» Task instructions:
Every line below needs to be printed again exactly, without any of its pictures.
.....
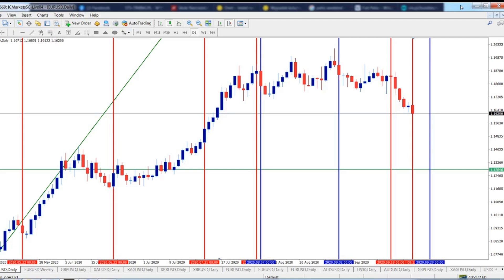Hello, bonjour, namaste, mahaba, guten tag, buongiorno, buona sera — good day to you trader. This is Mario Forex, the challenge for traders run by trader.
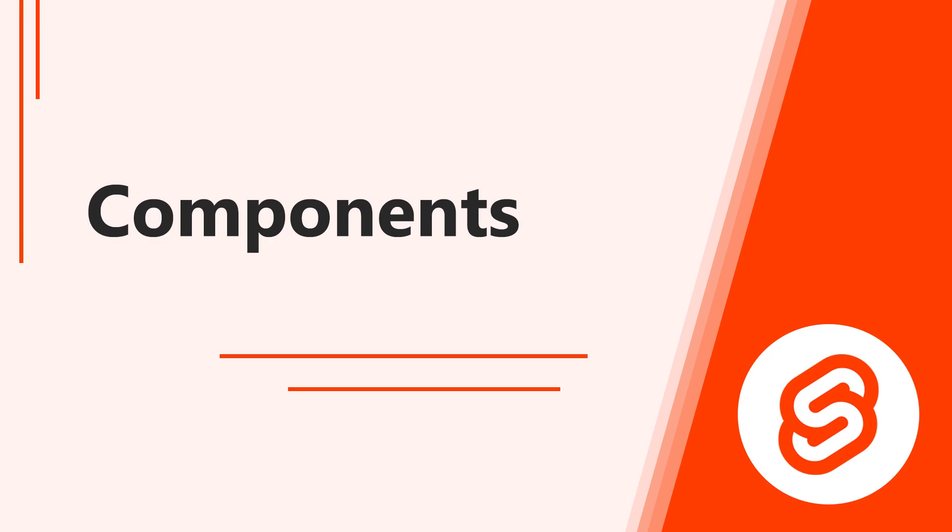Hello, and welcome to this lesson. In this video, we'll start learning the basics of components in Svelte.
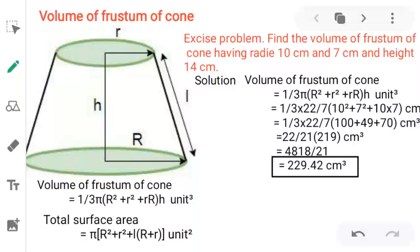Hello students, in this video I am going to explain how to find the volume of a frustum of a cone.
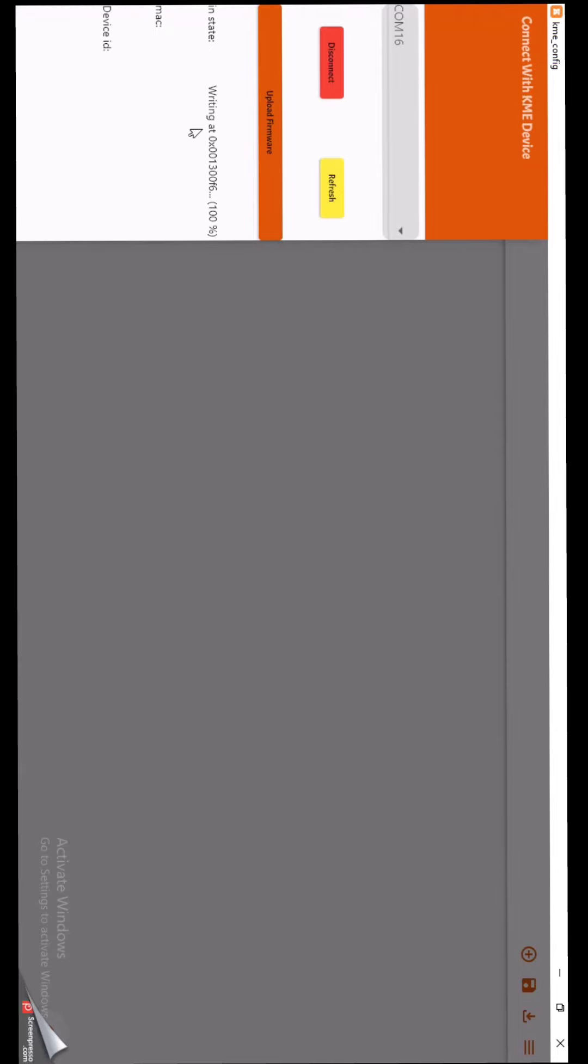After uploading, you can see the device ID and MAC ID like this. Now press this plus icon on top right.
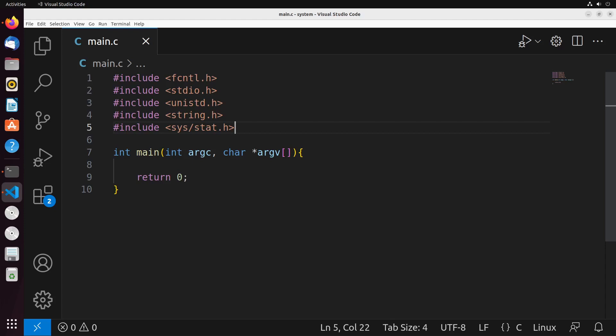In this video, we're going to take a look at how we can create and write files using system calls in C. Generally, the way that we're going to create files is using the same open system call that we've seen previously. We can provide a different flag to be able to create the file if it doesn't exist.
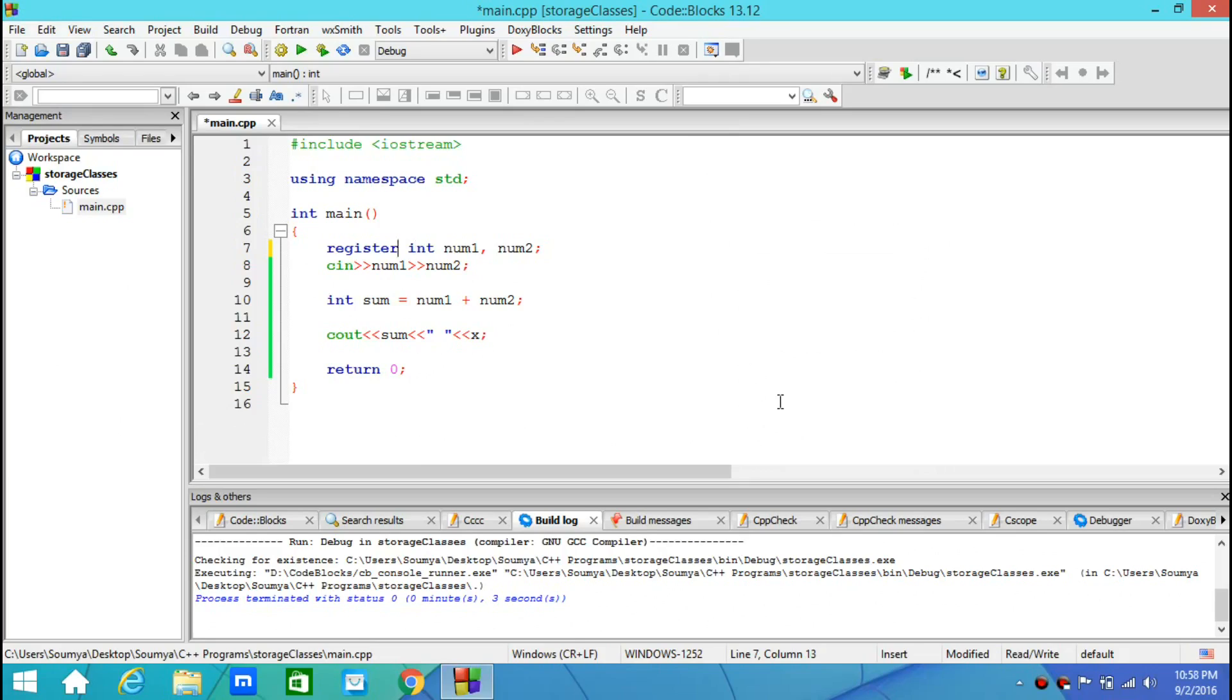And since CPU registers are very limited in number, you should use register only with the variables which you need to use very frequently in your program, because this would make your program faster as registers have quite fast access when you compare it to RAM.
.....
» Solution below:
Hello, bonjour, namaste, mahaba, guten tag, buongiorno, buona sera — good day to you trader. This is Mario Forex, the challenge for traders run by trader.
Hello, and welcome to this lesson. In this video, we'll start learning the basics of components in Svelte.
Hello students, in this video I am going to explain how to find the volume of a frustum of a cone.
After uploading, you can see the device ID and MAC ID like this. Now press this plus icon on top right.
In this video, we're going to take a look at how we can create and write files using system calls in C. Generally, the way that we're going to create files is using the same open system call that we've seen previously. We can provide a different flag to be able to create the file if it doesn't exist.
And since CPU registers are very limited in number, you should use register only with the variables which you need to use very frequently in your program, because this would make your program faster as registers have quite fast access when you compare it to RAM.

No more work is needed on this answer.